While her husband lit cones of incense, Amarjargal donned the shaman’s headdress, known as an umsgol. It had a screen of hair that concealed her eyes and much of her face, and was adorned with eagle feathers. Seated in front of her husband, who seemed to act as both manager and roadie, she began to strum a mouth harp. The single repetitive note slowly built to a frantic pace, then suddenly subsided as a spirit entered her, taking over her body. Head bowed, she growled. A low animal sound filled the ger. Her husband lit a cigarette and handed it to her. After a couple of moments, he lit another. The spirit turned out to be a chain-smoker.
After three more Marlboros, Amarjargal’s husband turned to ask me what I wished to know. I wasn’t sure what to say. I had no idea there was going to be a question and answer session. I hemmed. I hawed. The spirit world was waiting. Amarjargal’s spirit was growling again. Finally I blurted out, “Will I have a successful journey? What should I expect?”
Amarjargal tensed like an animal, crouched on the mat, with puffs of cigarette smoke coming out from beneath the headdress. Then the spirit spoke, sounding eerily like Marlon Brando. “You will find nothing on this journey.
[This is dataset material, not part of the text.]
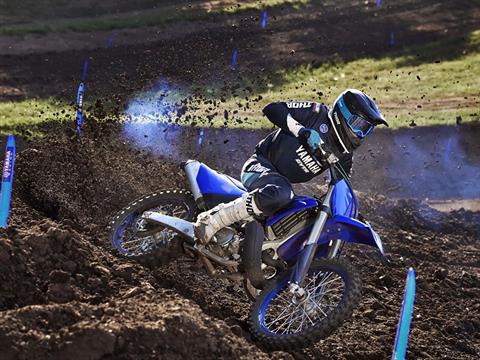 2024 Yamaha YZ250 in Eugene, Oregon - Photo 14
What you need is to be found at home.”
After a couple more butts and some additional frenzied mouth harp action, the spirit departed whence it came. Suddenly I did have questions, lots of them. Why hadn’t I asked about life after death, sent greetings to a deceased relative, or at the very least gotten a hot tip for Mongolia’s Naadam horse races? Slumped now at the head of the ger, Amarjargal looked depleted. She had removed the headdress. The spirit was gone, and after a few pleasantries, so were we.
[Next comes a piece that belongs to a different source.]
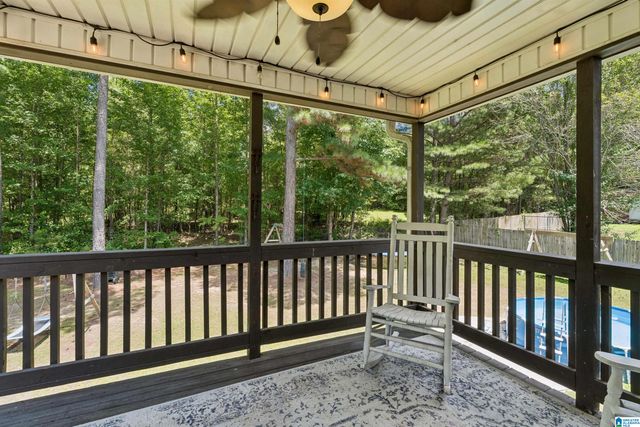 77 PARKWOOD LANE, Odenville, AL 35120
Two days later, I flew west to Bayan-Ölgii in a propeller plane full of passengers carrying saddles and blankets. From the airfield, we set off in a four-by-four, passing a herd of shaggy yaks looking mournful on the edge of a lake. Camels appeared, strolling elegantly in loping slow motion, like elderly promenaders. For several miles we followed a river winding through a gravel floodplain, then ascended over low hills and looked down on a wide valley carpeted with yellow grass. Stopping the car, we climbed out. In the middle of the valley was a single ger with a smoking chimney. At the far end, their backs to sculptural outcrops of black rock, were five more: This was Mandala Altai, our home for the next four days. It felt splendidly remote, a place removed from the world’s complexities and our own petty struggles. On a far hillside I could see the miniature figure of a horseman. Even at this great distance, I could hear the soft murmur of the hooves.